Lesson 1, Topic 1
In Progress

Planning

May 1, 2021

During the planning phase of the nursing process, priorities of care are established and nursing interventions are chosen to best address the nursing diagnosis. This information is typically communicated through the care plan so that all health care personnel directly involved in care of the patient can follow the same plan, resulting in continuity of care. The nurse must work with the patient and significant others in choosing appropriate interventions and in considering evidenced-based practice guidelines. The plan of care should be comprised of standardized languages or recognized terminology to document and effectively communicate the plan.

Priority Setting

The nurse in today’s busy health care facility is caring for many patients with complex problems and is challenged daily to use time and effort wisely. Priorities must be established to provide care for each patient.

Once nursing diagnoses have been identified, the registered nurse must prioritize the diagnoses according to the patient’s current health status. The framework most often used to guide the prioritization is Maslow’s hierarchy of needs. This structure is based on the principle that lower-level needs must be met before higher-level needs can be satisfied.

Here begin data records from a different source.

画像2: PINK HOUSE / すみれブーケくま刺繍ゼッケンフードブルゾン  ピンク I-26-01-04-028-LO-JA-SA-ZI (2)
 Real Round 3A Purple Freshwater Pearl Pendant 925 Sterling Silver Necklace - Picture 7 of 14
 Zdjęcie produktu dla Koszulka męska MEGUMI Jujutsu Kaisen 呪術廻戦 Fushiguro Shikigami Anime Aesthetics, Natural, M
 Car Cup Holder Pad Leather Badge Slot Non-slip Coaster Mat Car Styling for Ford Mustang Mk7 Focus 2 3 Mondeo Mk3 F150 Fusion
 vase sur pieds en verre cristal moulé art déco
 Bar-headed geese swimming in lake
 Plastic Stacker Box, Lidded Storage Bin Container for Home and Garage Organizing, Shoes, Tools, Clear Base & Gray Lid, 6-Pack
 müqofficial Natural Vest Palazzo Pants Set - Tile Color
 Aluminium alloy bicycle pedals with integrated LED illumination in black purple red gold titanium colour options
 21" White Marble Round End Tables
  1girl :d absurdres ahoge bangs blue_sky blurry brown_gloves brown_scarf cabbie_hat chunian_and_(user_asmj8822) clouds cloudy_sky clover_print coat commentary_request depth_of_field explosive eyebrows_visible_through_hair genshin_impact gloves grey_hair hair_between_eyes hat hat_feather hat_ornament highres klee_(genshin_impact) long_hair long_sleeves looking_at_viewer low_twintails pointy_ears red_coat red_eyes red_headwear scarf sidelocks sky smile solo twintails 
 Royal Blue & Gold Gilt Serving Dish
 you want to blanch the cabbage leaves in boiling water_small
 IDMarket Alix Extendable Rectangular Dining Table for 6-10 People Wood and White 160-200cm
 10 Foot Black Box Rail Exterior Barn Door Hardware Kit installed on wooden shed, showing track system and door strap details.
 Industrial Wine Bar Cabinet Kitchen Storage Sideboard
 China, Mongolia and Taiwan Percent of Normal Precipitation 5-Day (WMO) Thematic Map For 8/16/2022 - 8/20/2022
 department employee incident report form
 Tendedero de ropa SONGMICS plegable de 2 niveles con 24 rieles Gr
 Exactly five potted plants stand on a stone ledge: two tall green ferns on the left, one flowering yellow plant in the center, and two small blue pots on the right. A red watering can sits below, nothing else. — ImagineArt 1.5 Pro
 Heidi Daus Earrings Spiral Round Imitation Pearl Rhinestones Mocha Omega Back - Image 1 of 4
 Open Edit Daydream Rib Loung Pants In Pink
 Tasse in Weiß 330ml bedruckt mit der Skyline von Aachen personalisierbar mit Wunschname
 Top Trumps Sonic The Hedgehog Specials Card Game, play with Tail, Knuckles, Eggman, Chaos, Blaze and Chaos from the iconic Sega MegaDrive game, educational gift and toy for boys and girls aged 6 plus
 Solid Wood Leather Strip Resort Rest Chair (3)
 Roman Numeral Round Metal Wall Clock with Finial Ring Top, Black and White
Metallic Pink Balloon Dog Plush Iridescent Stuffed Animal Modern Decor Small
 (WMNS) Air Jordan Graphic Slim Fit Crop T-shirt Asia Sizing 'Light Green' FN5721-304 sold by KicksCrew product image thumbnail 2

The physiologic needs are more vital than the safety and security needs, and the safety and security needs are more critical than the love and belonging needs. Review Maslow’s hierarchy in Figure 1-8. Life-threatening and health-threatening problems are ranked before other types of problems. Actual problems often are ranked before risk problems, unless the risk problems, if they were to develop, are life threatening. For example, risk for ineffective airway clearance might be prioritized higher than an actual problem of constipation. With use of Maslow’s hierarchy, the nurse can determine whether the actual or risk for nursing diagnosis has the highest priority. The nurse must also take into consideration the patient’s thoughts and feelings regarding prioritization of problems. If patients are not active participants in the plan of care, they are not likely to be driven to work towards meeting the agreed-upon goals.

Time factors and severity of illness are important considerations in the determination of what problems to address initially. The patient who is admitted to the emergency department with a possible heart attack (myocardial infarction) is not ready at that time to contemplate dietary instructions to reach a goal of reducing cholesterol.

Priorities change as the patient progresses through time in a health care facility. As some problems are resolved, the approach to other problems opens up. Consider the following scenario and how the concerns of nursing change during one patient’s hospital stay.

A 28-year-old woman admitted for an abdominal hysterectomy may have the preoperative diagnosis of fear or anxiety. Acute pain is an important nursing diagnosis in the first few days after surgery. As the pain is controlled, imbalanced nutrition: less than body requirements and risk for constipation are managed. When the patient approaches discharge, teaching about wound care and activity restrictions becomes the focus for nursing diagnoses. Because of the loss of reproductive ability, self-esteem problems have to be confirmed or ruled out as possible nursing diagnoses for this patient. Note how the nursing diagnoses changed, but the medical procedure did not.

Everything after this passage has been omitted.